----- EXERCISE DATA

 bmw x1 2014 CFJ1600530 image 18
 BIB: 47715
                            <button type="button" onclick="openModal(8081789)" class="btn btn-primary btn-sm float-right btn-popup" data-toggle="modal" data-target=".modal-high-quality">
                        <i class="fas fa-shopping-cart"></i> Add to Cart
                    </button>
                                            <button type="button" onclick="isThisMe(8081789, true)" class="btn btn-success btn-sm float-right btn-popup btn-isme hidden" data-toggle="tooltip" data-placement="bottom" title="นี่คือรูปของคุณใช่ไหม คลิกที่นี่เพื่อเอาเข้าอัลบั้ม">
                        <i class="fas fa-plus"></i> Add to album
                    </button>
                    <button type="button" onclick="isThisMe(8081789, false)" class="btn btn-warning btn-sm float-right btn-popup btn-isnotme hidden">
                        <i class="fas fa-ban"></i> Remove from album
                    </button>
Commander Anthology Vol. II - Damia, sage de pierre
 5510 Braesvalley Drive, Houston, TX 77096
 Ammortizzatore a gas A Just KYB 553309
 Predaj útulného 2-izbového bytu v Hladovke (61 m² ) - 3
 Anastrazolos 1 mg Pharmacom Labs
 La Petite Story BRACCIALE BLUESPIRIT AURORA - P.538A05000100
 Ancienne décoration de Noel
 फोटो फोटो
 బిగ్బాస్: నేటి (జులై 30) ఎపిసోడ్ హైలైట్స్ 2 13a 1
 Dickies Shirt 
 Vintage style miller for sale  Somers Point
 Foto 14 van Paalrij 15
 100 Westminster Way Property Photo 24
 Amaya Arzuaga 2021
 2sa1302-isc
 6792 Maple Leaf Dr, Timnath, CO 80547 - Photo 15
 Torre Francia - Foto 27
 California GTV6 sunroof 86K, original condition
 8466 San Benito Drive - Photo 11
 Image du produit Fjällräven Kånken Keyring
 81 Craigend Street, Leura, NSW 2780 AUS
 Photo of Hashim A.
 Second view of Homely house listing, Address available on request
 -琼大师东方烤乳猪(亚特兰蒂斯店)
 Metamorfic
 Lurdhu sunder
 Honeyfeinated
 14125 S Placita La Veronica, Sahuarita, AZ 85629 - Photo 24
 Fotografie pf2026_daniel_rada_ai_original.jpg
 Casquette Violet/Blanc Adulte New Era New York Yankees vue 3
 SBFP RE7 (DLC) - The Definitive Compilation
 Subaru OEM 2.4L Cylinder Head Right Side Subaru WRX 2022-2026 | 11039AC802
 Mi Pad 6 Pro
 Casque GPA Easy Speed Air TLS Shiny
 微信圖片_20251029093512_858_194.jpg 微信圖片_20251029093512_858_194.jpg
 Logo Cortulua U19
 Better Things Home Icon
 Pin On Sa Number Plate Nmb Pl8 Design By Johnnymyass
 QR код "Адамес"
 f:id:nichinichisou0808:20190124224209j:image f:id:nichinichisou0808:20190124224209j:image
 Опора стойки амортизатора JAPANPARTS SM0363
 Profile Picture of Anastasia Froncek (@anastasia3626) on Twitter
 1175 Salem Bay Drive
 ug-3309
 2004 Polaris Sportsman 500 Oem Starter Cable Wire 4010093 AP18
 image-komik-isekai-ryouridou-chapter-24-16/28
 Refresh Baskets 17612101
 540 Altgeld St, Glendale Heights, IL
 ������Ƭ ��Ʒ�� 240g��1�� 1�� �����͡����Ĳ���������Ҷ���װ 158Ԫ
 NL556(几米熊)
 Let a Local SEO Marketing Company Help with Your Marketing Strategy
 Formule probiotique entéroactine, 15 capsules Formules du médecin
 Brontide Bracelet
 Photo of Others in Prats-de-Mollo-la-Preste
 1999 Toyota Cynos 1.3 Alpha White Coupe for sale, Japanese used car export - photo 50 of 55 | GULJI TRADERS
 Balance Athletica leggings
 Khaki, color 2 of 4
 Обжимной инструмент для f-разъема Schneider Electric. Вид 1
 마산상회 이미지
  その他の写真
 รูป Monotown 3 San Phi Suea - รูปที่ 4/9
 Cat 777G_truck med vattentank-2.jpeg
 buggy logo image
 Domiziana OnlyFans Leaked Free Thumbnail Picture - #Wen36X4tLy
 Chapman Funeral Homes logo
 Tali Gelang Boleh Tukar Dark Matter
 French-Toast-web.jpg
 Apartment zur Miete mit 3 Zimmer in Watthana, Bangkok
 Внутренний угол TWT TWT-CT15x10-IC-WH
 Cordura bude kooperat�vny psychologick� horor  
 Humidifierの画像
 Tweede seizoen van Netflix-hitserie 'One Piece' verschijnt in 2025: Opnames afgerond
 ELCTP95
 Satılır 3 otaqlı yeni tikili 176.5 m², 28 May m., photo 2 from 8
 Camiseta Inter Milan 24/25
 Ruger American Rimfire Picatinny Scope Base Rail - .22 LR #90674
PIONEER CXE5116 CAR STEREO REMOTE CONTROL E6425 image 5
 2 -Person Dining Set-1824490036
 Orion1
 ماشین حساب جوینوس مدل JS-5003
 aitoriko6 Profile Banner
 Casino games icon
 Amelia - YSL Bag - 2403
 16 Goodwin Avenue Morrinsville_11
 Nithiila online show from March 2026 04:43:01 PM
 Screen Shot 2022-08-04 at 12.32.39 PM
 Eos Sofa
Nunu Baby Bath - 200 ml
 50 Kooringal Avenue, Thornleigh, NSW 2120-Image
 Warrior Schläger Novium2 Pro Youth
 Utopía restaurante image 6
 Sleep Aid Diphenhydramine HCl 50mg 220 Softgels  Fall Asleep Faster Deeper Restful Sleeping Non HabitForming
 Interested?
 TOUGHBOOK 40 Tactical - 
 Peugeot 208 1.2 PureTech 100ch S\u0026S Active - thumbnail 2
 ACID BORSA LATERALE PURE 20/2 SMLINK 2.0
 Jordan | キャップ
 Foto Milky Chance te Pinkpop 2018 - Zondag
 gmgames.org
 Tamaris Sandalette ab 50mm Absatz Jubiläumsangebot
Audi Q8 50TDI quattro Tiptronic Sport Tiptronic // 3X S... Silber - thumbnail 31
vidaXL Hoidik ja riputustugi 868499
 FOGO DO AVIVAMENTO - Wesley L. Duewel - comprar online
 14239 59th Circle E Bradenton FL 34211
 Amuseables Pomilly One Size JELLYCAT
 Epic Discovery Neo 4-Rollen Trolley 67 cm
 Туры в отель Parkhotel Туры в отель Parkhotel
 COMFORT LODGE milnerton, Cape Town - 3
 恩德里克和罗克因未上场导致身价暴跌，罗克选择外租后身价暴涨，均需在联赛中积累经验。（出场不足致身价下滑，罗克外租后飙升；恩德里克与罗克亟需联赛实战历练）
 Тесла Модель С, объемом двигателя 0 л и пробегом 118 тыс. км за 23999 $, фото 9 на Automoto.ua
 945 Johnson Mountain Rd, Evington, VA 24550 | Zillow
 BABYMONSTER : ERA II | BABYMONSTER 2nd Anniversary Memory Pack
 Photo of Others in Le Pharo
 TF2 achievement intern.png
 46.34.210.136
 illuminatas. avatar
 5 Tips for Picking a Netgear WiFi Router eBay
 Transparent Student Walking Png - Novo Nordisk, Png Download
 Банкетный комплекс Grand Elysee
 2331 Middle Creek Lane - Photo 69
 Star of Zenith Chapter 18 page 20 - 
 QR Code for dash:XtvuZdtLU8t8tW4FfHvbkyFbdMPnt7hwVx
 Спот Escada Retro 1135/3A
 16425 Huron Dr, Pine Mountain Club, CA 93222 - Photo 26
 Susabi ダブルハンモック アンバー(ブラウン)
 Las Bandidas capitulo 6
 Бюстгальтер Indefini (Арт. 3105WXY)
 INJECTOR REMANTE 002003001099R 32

----------

* _REQUIREMENT_:
After locating the line with "బిగ్బాస్: నేటి (జులై" above, return that line and every later line through the one with "Опора стойки амортизатора JAPANPARTS SM0363", word for word and with nothing else.

* _RESPONSE AREA_:
 బిగ్బాస్: నేటి (జులై 30) ఎపిసోడ్ హైలైట్స్ 2 13a 1
 Dickies Shirt 
 Vintage style miller for sale  Somers Point
 Foto 14 van Paalrij 15
 100 Westminster Way Property Photo 24
 Amaya Arzuaga 2021
 2sa1302-isc
 6792 Maple Leaf Dr, Timnath, CO 80547 - Photo 15
 Torre Francia - Foto 27
 California GTV6 sunroof 86K, original condition
 8466 San Benito Drive - Photo 11
 Image du produit Fjällräven Kånken Keyring
 81 Craigend Street, Leura, NSW 2780 AUS
 Photo of Hashim A.
 Second view of Homely house listing, Address available on request
 -琼大师东方烤乳猪(亚特兰蒂斯店)
 Metamorfic
 Lurdhu sunder
 Honeyfeinated
 14125 S Placita La Veronica, Sahuarita, AZ 85629 - Photo 24
 Fotografie pf2026_daniel_rada_ai_original.jpg
 Casquette Violet/Blanc Adulte New Era New York Yankees vue 3
 SBFP RE7 (DLC) - The Definitive Compilation
 Subaru OEM 2.4L Cylinder Head Right Side Subaru WRX 2022-2026 | 11039AC802
 Mi Pad 6 Pro
 Casque GPA Easy Speed Air TLS Shiny
 微信圖片_20251029093512_858_194.jpg 微信圖片_20251029093512_858_194.jpg
 Logo Cortulua U19
 Better Things Home Icon
 Pin On Sa Number Plate Nmb Pl8 Design By Johnnymyass
 QR код "Адамес"
 f:id:nichinichisou0808:20190124224209j:image f:id:nichinichisou0808:20190124224209j:image
 Опора стойки амортизатора JAPANPARTS SM0363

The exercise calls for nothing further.